### Provided material
┌──

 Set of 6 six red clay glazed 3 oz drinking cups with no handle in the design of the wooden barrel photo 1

└──
┌──

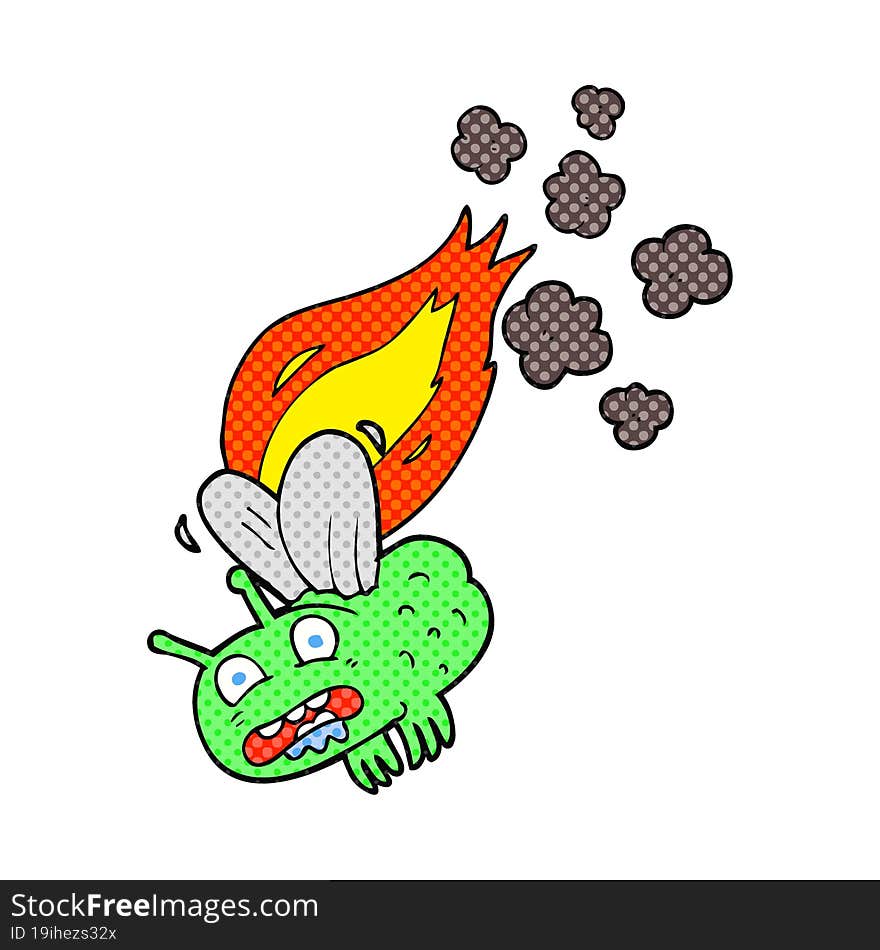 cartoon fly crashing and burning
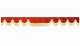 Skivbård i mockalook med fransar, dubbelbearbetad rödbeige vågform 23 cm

└──
┌──

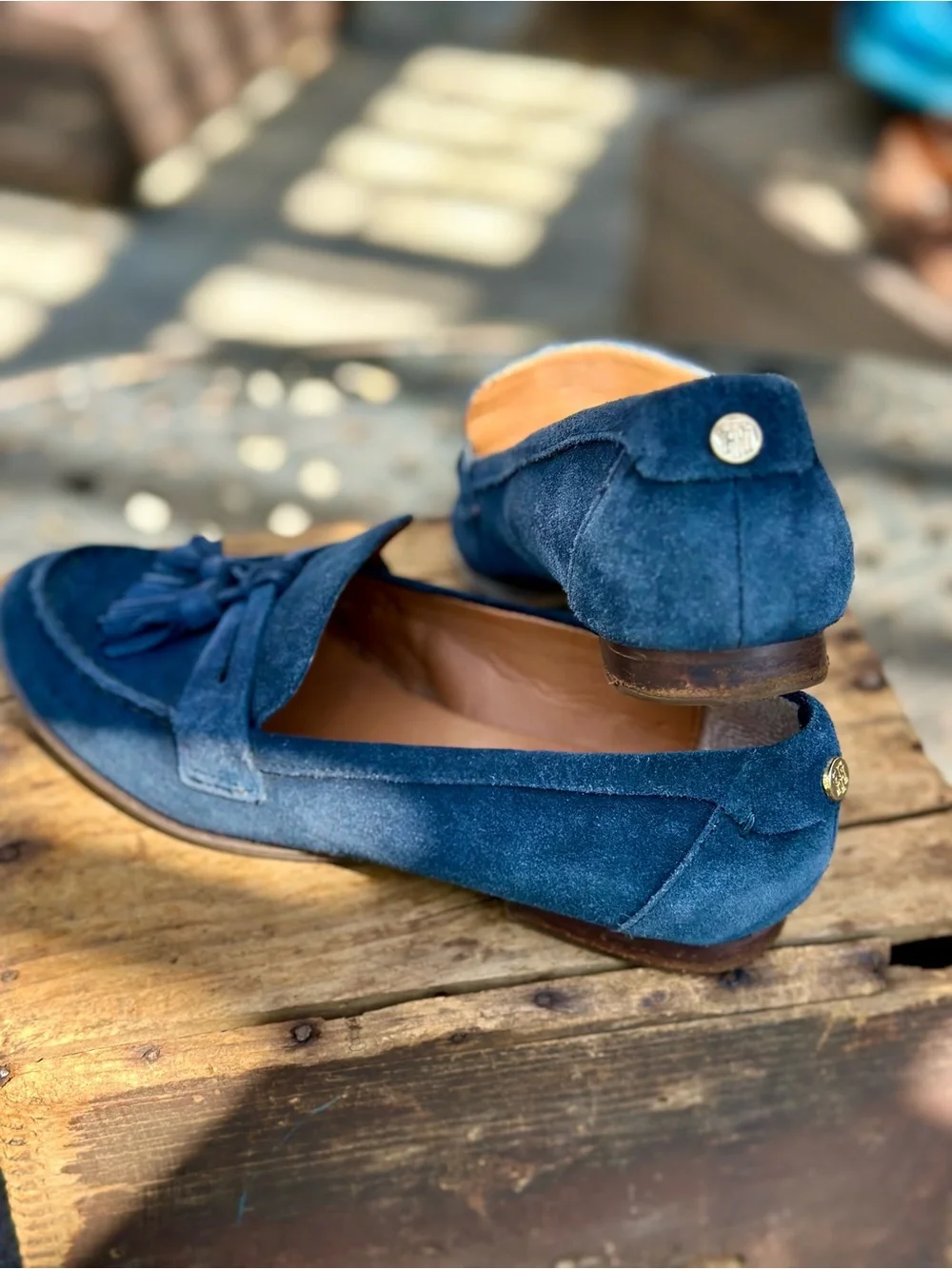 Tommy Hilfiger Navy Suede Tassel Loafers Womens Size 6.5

└──

### Brief
Your answer must be the lines above from the one holding "cartoon fly crashing and burning" up to and including the one holding "Skivbård i mockalook", exact and with no pictures.

### Task response
 cartoon fly crashing and burning
 Skivbård i mockalook med fransar, dubbelbearbetad rödbeige vågform 23 cm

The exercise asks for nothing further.